Kwekelingen: Meestal kinderen van vrije kolonisten, arbeidershuisgezinnen of hoevenaren (een enkele maal van een bedelaar), of kinderen direct van buiten de Maatschappij komend, die voor het werk op het land werden opgeleid in de landbouwschool (met internaat) te Wateren.
Strafkolonist: Een persoon die, of een gezin dat voor kortere of langere tijd uit de gewone koloniën of Veenhuizen in Ommerschans werd geplaatst, op de "binnenwal" (zie de handleiding Overzicht van de vrije koloniën en gestichten en de bevolking van de Maatschappij van Weldadigheid), na het plegen van een vergrijp tegen de regels van de Maatschappij. Na circa 1850 werd er in Veenhuizen I of II ook wel eens een enkele strafkolonist geplaatst of iemand "gedetacheerd".
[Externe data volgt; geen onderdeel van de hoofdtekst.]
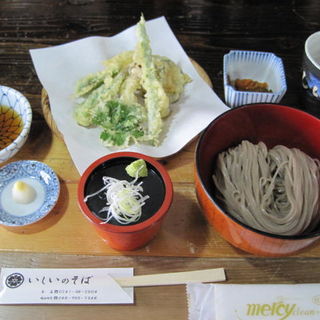 お蕎麦と野菜の天ぷら(いしいのそば 越谷分店 )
Subcommissies: Plaatselijke besturen van de over het gehele land verspreide leden van de Maatschappij. Volgens de oorspronkelijke bedoeling zou de Maatschappij een vereniging van particulieren zijn, wier contributie voldoende moest zijn om "de armen te verheffen". Er waren stedelijke commissies, in steden met een rechtbank van eerste aanleg, en dorpscommissies, in dorpen die onder de jurisdictie vielen van een rechtbank van eerste aanleg. De subcommissies, samengesteld uit stedelijke en dorpsnotabelen, zorgden voor het innen van de contributie en het zenden ' voor dit geld ' van personen naar de koloniën.
Veteranen: (Oud-)militairen die ongeschikt en niet meer nodig waren voor de dienst en die hun wachtgeld, ziektegeld of pensioen konden aanvullen door het vervullen van (meestal opzichters-) diensten en/of het wonen in de gestichten.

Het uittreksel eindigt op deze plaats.